Bulimie – Eine Betroffene berichtet
Bulimiker leben im Prinzip zwischen Kühlschrank und Klo. In immer wiederkehrenden Heißhungerattacken werden große Mengen oft hochkalorischer Nahrung in Windeseile vertilgt, um sie danach wieder zu erbrechen.
Was genau ist Bulimie?
Die bulimia nervosa wird auch als Ess-Brechsucht bezeichnet und gehört zur Gruppe der Essstörungen. Hierzu gehören neben der Magersucht, auch anorexia nervosa genannt, auch die Binge Eating Disorder und die Fettleibigkeit, die Adipositas. Die Grenzen dazwischen sind fließend. Zu 90 – 95% betrifft es Frauen – immerhin ein bis vier Prozent der Bevölkerung. Entgegen der landläufigen Meinung müssen Bulimiker nicht zwingend unter- oder übergewichtig sein. Im Gegensatz zur Binge Eating Disorder, bei dem man ebenfalls unter Heißhungerattacken leidet, werden bei der Bulimie sogenannte gegenregulatorische Maßnahmen ergriffen, um unter allen Umständen eine Gewichtszunahme zu vermeiden. Auch die Scham die Kontrolle verloren zu haben ist ein wichtiger psychischer Verstärker. Da gibt es verschiedene Möglichkeiten wie: selbstinduziertes Erbrechen, Hungern, extreme Diäten, exzessiver Sport oder/und der Missbrauch von Abführ- und Brechmitteln – und das mindestens zweimal pro Woche über einen Zeitraum von sechs Monaten. Meistens leiden die Betroffenen unter einer gestörten Selbstwahrnehmung und/oder einer Körperschemastörung, einer sogenannten Dysmorphophobie. Die Betroffenen versuchen die Suchterkrankung zu verbergen. Oft ist es die Angst vor dem gesellschaftlich so geächteten Übergewicht, die einer der Auslöser für eine Bulimie ist.

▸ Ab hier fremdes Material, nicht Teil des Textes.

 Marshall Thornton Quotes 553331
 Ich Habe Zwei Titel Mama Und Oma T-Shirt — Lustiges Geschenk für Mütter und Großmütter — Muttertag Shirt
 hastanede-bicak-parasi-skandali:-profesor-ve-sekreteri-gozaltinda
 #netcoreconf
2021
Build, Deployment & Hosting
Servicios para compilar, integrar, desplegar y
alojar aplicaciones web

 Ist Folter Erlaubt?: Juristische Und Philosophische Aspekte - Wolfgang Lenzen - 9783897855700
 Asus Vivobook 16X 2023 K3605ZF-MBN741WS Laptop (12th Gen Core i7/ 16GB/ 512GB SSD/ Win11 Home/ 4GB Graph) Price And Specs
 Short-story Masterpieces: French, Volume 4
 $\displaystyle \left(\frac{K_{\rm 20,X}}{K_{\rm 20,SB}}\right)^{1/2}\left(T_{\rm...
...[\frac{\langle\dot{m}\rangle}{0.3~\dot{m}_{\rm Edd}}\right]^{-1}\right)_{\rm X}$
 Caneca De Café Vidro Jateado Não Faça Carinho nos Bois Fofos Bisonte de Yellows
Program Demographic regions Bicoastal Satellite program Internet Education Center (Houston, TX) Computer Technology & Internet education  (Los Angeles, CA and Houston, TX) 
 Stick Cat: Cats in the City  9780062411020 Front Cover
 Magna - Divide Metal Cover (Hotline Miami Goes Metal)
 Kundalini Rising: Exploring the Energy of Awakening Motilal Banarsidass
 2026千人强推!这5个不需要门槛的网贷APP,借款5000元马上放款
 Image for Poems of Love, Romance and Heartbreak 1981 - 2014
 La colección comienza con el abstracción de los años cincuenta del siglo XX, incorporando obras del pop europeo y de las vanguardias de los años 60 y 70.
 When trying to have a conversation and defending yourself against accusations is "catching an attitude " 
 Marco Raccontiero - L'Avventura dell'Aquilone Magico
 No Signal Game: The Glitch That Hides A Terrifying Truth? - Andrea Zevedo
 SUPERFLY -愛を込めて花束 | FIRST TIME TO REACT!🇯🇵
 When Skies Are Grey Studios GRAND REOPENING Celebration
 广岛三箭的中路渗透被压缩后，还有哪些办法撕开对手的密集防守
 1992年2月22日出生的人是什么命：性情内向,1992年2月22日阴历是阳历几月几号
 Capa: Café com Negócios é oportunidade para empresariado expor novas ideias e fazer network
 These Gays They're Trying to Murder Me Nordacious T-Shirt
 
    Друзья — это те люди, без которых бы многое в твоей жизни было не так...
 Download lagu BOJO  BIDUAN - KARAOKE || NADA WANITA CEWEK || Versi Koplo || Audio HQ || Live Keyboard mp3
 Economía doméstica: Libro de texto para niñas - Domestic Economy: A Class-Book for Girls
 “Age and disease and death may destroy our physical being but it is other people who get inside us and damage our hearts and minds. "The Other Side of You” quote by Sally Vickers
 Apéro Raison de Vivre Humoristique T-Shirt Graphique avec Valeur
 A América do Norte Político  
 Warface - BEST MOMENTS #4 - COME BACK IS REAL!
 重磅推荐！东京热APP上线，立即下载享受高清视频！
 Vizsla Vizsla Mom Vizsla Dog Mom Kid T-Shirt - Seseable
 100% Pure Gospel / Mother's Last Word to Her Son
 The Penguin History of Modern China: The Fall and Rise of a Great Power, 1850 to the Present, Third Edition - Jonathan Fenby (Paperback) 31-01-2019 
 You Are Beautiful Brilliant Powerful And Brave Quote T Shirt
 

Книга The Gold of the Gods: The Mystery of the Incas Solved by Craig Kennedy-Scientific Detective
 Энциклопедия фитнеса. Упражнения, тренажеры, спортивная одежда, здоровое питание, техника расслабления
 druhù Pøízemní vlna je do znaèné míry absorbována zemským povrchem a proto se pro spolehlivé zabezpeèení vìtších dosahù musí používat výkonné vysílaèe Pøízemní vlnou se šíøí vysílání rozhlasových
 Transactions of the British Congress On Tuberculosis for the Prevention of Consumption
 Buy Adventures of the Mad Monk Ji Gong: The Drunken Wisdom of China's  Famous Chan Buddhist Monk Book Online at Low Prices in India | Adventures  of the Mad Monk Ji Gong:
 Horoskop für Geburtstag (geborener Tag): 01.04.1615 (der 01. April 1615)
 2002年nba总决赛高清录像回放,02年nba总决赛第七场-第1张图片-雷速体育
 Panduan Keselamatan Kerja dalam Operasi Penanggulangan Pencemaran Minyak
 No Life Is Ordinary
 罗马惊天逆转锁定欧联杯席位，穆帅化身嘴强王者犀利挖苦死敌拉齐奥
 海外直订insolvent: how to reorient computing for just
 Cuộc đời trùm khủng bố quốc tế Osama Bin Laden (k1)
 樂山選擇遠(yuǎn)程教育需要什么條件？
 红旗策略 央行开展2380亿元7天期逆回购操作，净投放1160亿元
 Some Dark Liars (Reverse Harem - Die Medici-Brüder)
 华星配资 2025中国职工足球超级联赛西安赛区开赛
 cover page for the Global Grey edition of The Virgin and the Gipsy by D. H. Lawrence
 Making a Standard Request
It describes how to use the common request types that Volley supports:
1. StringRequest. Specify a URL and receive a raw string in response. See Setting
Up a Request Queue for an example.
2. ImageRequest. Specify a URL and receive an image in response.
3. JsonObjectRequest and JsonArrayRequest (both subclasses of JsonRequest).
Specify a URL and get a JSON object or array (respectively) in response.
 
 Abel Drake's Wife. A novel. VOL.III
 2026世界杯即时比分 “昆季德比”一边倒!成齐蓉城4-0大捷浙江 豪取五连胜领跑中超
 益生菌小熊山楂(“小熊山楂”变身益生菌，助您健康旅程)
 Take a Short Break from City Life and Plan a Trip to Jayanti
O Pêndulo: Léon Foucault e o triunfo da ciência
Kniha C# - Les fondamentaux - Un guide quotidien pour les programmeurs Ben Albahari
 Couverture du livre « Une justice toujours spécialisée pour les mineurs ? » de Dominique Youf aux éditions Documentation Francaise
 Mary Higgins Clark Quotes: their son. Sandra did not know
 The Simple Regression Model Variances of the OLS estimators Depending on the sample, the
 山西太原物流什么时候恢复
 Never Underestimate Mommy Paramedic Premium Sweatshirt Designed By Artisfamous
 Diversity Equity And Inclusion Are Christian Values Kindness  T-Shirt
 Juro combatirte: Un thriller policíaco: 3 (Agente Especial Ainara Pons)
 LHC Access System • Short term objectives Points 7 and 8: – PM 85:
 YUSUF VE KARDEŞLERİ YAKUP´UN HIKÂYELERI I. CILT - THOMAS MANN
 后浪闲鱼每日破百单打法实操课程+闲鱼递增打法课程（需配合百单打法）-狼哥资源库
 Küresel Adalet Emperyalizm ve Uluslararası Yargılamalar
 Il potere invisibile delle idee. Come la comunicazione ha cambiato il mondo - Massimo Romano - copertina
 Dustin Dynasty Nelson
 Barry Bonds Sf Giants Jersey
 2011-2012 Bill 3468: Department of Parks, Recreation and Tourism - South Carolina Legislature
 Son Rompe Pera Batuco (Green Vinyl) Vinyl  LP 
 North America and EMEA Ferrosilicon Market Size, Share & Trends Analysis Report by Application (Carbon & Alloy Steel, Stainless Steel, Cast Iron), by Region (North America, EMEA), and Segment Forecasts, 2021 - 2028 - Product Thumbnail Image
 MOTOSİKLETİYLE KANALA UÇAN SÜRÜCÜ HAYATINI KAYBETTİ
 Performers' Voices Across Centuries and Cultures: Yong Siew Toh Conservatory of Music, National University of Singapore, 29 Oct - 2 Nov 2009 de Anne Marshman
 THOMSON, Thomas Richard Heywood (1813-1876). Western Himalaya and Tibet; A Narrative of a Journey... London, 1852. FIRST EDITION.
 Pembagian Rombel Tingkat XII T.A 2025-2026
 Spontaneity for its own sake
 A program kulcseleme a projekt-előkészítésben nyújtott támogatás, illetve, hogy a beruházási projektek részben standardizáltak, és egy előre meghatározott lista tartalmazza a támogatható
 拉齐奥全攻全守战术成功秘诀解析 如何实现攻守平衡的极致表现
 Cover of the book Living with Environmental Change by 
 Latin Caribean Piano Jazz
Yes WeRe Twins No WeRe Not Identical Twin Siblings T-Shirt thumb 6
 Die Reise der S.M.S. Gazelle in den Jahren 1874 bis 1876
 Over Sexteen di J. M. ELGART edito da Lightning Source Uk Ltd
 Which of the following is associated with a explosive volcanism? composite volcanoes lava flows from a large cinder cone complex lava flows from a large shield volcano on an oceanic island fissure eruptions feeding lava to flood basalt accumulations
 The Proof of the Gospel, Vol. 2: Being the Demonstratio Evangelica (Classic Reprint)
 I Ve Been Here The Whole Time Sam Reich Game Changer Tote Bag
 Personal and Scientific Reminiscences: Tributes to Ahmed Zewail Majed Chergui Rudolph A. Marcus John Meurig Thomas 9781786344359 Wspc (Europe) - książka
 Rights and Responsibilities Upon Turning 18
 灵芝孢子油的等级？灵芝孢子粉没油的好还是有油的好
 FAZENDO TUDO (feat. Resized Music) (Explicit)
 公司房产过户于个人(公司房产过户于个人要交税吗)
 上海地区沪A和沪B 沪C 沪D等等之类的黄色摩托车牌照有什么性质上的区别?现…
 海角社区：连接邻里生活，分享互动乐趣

Welche gesundheitlichen Auswirkungen hat Bulimie?
Signifikant sind unter anderem die bei Bulimikern stark angegriffenen Zähne. Das Erbrechen bewirkt ein Ansteigen der Milchsäurekonzentration im Mund und schädigt auf Dauer Zahnschmelz und Speicheldrüsen. Der Elektrolythaushalt ist durch die gegenregulatorischen Maßnahmen meist massiv gestört. Vor allem der Kaliummangel kann im Extremfall zu lebensbedrohlichen Herzrhythmusstörungen und Nierenschäden führen. Möglich ist auch eine Entzündung der Bauchspeicheldrüse und/oder der Speiseröhre. Bei etwa der Hälfte der Betroffenen kommt es zu morphologische Veränderungen des Gehirns. Diese Pseudoatrophie zeigt sich durch kognitive Beeinträchtigungen und depressive Verstimmungen. Im Gegensatz zu anderen gesundheitlichen Auswirkungen der Bulimie ist diese in der Regel reversibel.
Ein Betroffenenbericht
Wie im Falle der Betroffenen, von der wir hier schreiben. Heute wiegt die 36-jährige 55 kg; mit 18 waren es noch mehr als 90 Kilogramm. Sie ist hat eine 20-jährige Bulimie-Karriere hinter sich und ist heute frühverrentet. Mit ihrer Suchterkrankung hat sie sich arrangiert. Neben psychischer Narben leidet sie auch unter vielen somatischen Beschwerden: Bei jeder Belastung, sei sie noch so leicht, kommt die ehemalige Bulimikerin durch ihre chronisch entzündeten Lunge in Atemnot. Dazu kommen noch eine verengte Speiseröhre, Sodbrennen, Magenentzündung und Polypen im Darm. Auch heute noch nimmt sie täglich Abführ- und Schlankheitsmittel, übergibt sich aber nur noch selten. In Hilfe-Foren klärt sie Menschen über die Ess-Brech-Sucht auf – die Ursachen und die Auswirkungen. Neben der Angst zu dick zu werden, lagen die Ursachen bei ihr – wie bei den meisten an einem gestörten Selbstwertgefühl. Ein Blick auf die familiäre Situation erklärt viel: ihr Vater schlug sie und ihre Mutter litt selbst unter Bulimie. Unsere Betroffene hatte nie gelernt, Liebe zu geben oder auch diese anzunehmen.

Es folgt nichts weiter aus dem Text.